» ACTION ITEM
Beneath this line are entries. Copy the range from the line with "The rooftop patio" to the line with "United States Postal", ends included, exactly; leave pictures out.

» PROVIDED RECORDS

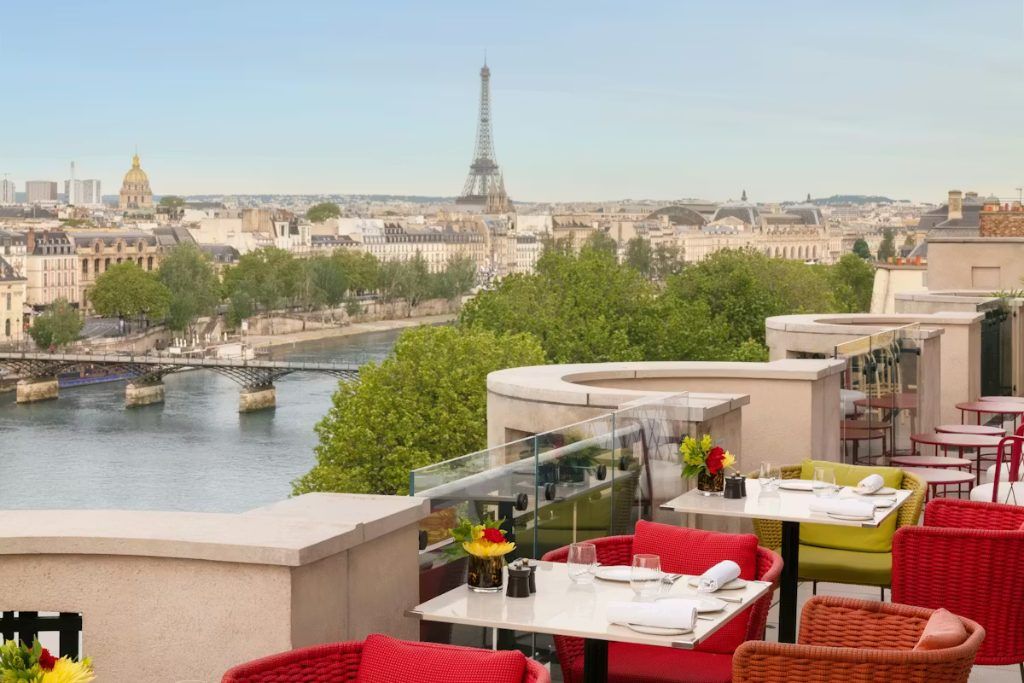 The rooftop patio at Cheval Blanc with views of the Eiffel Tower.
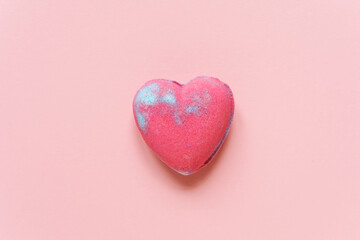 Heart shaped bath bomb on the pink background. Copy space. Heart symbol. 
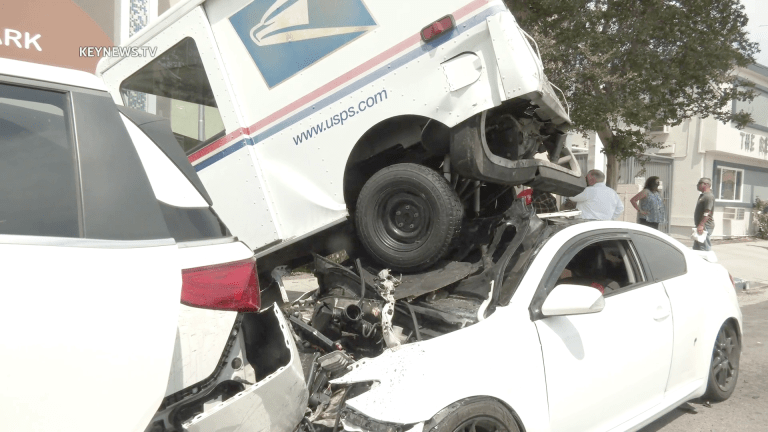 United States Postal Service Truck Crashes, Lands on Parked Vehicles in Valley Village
* * *
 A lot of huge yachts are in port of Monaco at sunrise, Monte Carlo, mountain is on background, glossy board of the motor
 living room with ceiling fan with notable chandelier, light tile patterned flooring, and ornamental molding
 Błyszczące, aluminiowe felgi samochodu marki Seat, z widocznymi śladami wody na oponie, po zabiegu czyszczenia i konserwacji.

» RESPONSE
 The rooftop patio at Cheval Blanc with views of the Eiffel Tower.
 Heart shaped bath bomb on the pink background. Copy space. Heart symbol. 
 United States Postal Service Truck Crashes, Lands on Parked Vehicles in Valley Village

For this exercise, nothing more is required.